# What are the best S/PDIF cables?



## MilesCirno

So I need some good S/PDIF cables.
 I keep getting told to buy Monster cables, but I want a true audiophile's opinion of which cables I should buy.
 I want high quality audio.
 Thanks


----------



## OverlordXenu

It doesn't matter, it's digital. I personally use Blue Jeans Cable, because they are good quality and I can get any length I want.


----------



## krmathis

Optical (TOSLINK, Miniplug, ...) or Electrical (RCA, XLR, ...)?
 Anyway, I am very pleased with my VdH The Optocoupler MKII.


----------



## stevenkelby

Read through his ^ previous posts and make up your own mind about him...

 There are differences in digital cables as has been explained to him by others far more knowledgeable.
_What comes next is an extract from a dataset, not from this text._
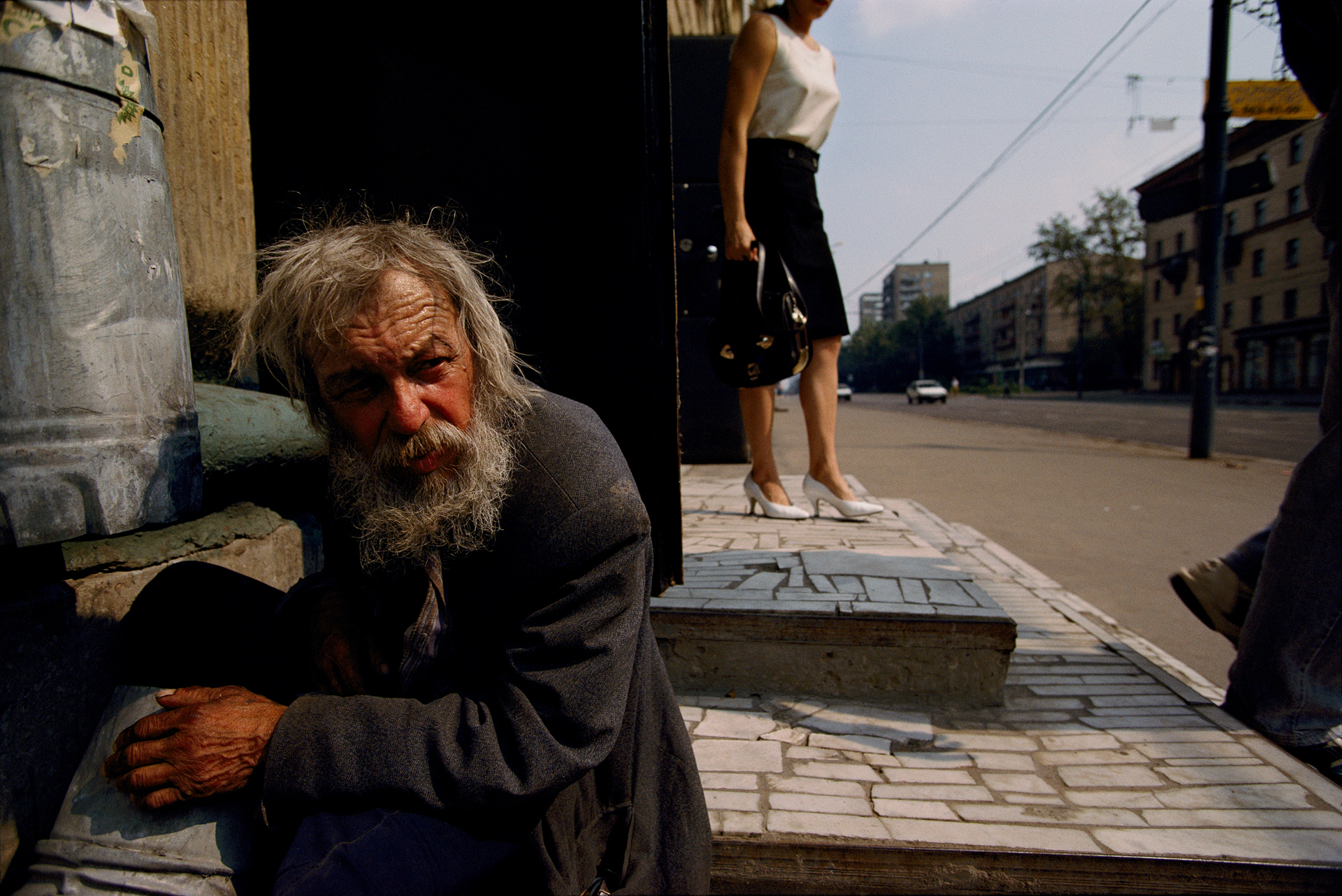  In the early 1990s, the homeless became a feature of Moscow street life. This man was evicted from his apartment by his own son, who decided he needed the space for his live-in girlfriend.  Moscow, Russia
 He's right about BJC though, great value:

Digital Audio Cables at Blue Jeans Cable


----------



## stevenkelby

Not Krmathis btw, he's cool. The ^ was referring to the other poster above him.


----------



## OverlordXenu

Oh yeah, you're right. That 1m $100 cable transmits those ones and zeros so much better than my $19 12ft cable from BJC. It makes the darks so much blacker and it really warms the audio signature.


----------



## MilesCirno

Thanks everyone.
 Which is better?
 My receiver can do both Optical and Electrical.


----------



## stevenkelby

OP, just ignore him, as I said, make up your own mind about who's a troll and who's helpful.
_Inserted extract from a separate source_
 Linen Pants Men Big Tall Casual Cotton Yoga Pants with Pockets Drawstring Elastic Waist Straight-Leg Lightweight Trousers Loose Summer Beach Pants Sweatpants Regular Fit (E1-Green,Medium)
 There is an audible difference between those 2 cables but you need thousands of dollars of equipment and good ears to hear it. Even then the difference is small.
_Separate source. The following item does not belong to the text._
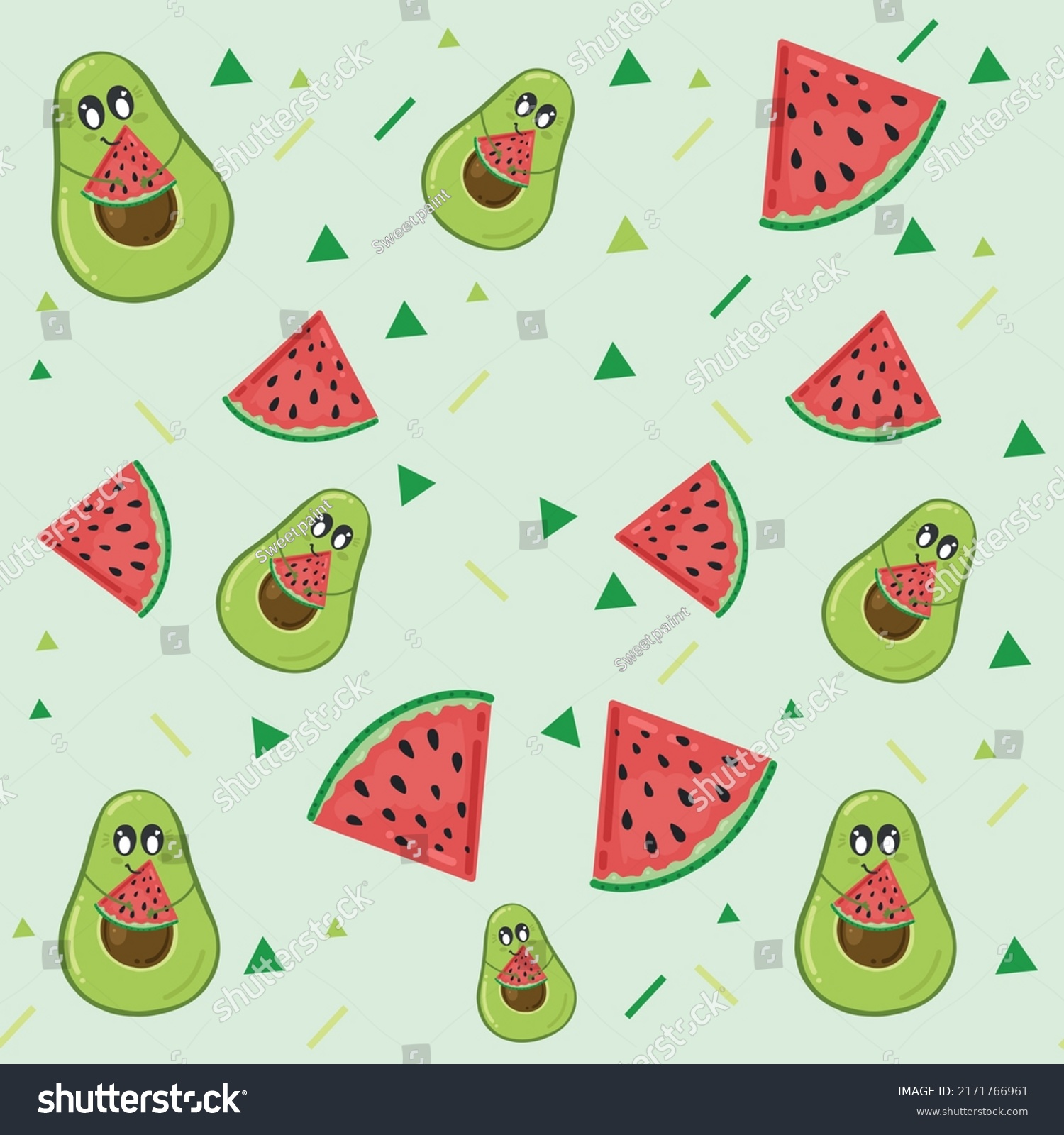 Green Cute Avocado Seamless Pattern Watermelon Stock Vector Royalty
 The vandenhul is much nicer, better made and will be more durable too, but there is nothing wrong with the BJC at all.

 Go for the BJC unless moneys not an issue.

 If your using the PC as a source, go optical or else there will be noise in the signal, (minimal again and might not be audible to you in your system) otherwise, coaxial is technically better.


----------



## MilesCirno

Thanks
 I'll go for TOSLINK then.


----------



## tot

Optical might have more jitter and coax may cause ground loop problems because of electrical connection.

 You could try both using cheap cables (75 ohm video cable is fine for coax) to see if there is any difference.


----------



## stevenkelby

Quote:


  Originally Posted by *tot* /img/forum/go_quote.gif 
_Optical might have more jitter and coax may cause ground loop problems because of electrical connection.

 You could try both using cheap cables (75 ohm video cable is fine for coax) to see if there is any difference._

 

That;s the best plan, and if you go from BJC you can return the one you like least. Not sure if that's really ethical though...


----------



## OverlordXenu

Quote:


  Originally Posted by *stevenkelby* /img/forum/go_quote.gif 
_OP, just ignore him, as I said, make up your own mind about who's a troll and who's helpful.

 There is an audible difference between those 2 cables but you need thousands of dollars of equipment and good ears to hear it. Even then the difference is small.

 The vandenhul is much nicer, better made and will be more durable too, but there is nothing wrong with the BJC at all.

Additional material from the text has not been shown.